» **Data for processing**:
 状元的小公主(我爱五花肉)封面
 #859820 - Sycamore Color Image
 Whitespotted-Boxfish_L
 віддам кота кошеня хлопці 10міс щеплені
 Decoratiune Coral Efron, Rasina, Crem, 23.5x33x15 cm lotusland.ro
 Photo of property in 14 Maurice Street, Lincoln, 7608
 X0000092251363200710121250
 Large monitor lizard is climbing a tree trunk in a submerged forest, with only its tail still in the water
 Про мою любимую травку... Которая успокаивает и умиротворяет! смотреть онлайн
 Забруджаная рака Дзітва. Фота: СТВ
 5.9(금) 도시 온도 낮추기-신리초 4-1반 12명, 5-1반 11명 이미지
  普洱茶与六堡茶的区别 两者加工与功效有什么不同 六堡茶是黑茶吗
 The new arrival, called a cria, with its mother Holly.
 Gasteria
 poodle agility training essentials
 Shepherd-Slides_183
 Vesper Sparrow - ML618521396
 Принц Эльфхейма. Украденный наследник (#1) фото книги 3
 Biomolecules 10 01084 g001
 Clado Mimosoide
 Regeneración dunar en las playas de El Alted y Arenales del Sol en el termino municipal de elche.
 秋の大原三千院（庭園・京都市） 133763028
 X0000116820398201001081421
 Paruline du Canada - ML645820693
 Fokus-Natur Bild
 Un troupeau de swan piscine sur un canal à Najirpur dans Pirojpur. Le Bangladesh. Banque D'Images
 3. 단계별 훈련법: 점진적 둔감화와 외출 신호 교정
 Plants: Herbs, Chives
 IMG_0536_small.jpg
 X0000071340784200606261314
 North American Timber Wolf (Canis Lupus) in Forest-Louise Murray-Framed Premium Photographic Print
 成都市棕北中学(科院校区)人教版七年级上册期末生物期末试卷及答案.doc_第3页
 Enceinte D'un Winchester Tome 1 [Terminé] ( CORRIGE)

» **How to complete this task**: Wherever a line in the data above holds the word "with", copy that line.

» **Response**:
 Large monitor lizard is climbing a tree trunk in a submerged forest, with only its tail still in the water
 The new arrival, called a cria, with its mother Holly.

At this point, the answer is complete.